What’s Your Elf Name is fun but is it safe?
This is the time of year when social media explodes with fun holiday games we share with each other. One of the most common is the What’s Your Elf Name game. It asks you to put together a silly name based on some personal information. Seems harmless.
But some of these games are asking more than just an initial and your favorite color; the name of your first pet, your birthday, your favorite color, your mother’s maiden name. Do those questions look familiar? If you answered, “yes,” it’s because those are often the answers to password security questions.
It’s just social media though, right? You’re sharing with your friends. Let me ask you, when was the last time you updated your security settings on social media? With every “terms of service” update, your security settings can be changed. Suddenly, information you didn’t think was public is now public, or at least can be seen by friends of friends.
But I’m so careful with what I share
Each social media site has it’s own layers of security. Facebook in particular has layers and layers of ways they can expose and share your personal information. Are you sure everything you’re sharing is as protected as you’d like?
Even worse are the public groups and sale pages on social media sites. Your niece’s best friend who came to Thanksgiving has a page where she sells fancy lipsticks. As a promotion, she runs an elf name game and then picks a winner out of the people who answer. She doesn’t mean any harm, and, dang it, you want that holiday cherry berry red gloss she’s giving away. Because her page is public (she’s out there hustling like everyone else, good for her!) you have no idea who else can see your answers.

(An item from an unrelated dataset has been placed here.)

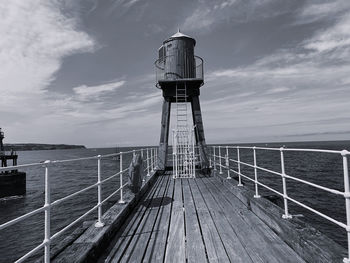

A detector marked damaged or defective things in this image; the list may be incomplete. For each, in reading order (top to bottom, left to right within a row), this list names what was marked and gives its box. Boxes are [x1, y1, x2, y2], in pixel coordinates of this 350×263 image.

rusty metal structure [155, 29, 208, 173] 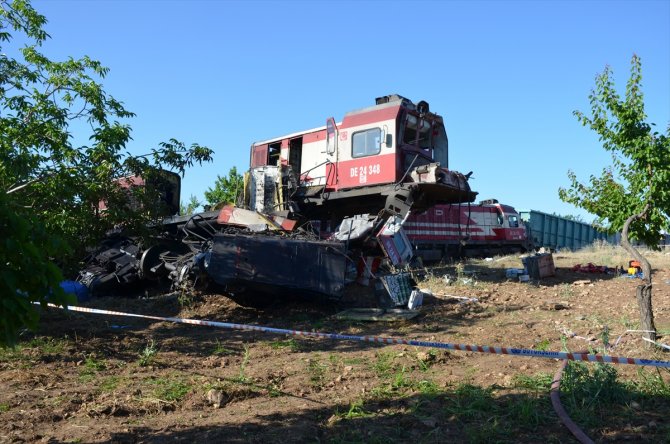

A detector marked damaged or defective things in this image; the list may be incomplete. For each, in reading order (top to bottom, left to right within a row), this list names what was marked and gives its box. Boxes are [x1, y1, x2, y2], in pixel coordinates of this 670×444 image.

rusted metal sheet [207, 232, 350, 298]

That Southern Home Best Recipes subreddit has some great side dishes you’re considering for Christmas. Another person out there wants to engage other users by putting up a fun game where you take your first initial, last initial, birth month, birth day, and the name of your first pet to find out what your holiday color scheme will be this year. Unfortunately, that post wasn’t altruistic and now a hacker has the seeds to unlocking your bank account.
Some of these games ask you to contribute minimal amounts of information, but others are phishing for ways to break into your accounts.
Lock it down
Take a step in the right direction by updating your security settings on all social media pages, and refraining from posting in public groups (honestly, just buy the cherry berry red gloss. She’s probably trying to make extra money for presents this year.) Also, use your best judgement on how many of those cute little games you’re going to participate in.
Next, go into your accounts and change your passwords and security questions. You should be doing that regularly anyway. It never hurts to freshen up those passwords.
Finally, monitor your accounts regularly for any strange activity. Catching a hacker early could make a huge difference.
It’s not all doom and gloom
This is a fun time of year where people seem to want to engage with each other more than ever. Enjoy the togetherness. I love these little name games and often do them in my head, then have a chuckle at being named Jingle Button Sparkle Toes.
A lot of these games are harmless fun, but, as with anything online, think about if the questions are probing in a little too far. If they’re asking for a long list of personal information, they’re probably looking for more than just a cute name.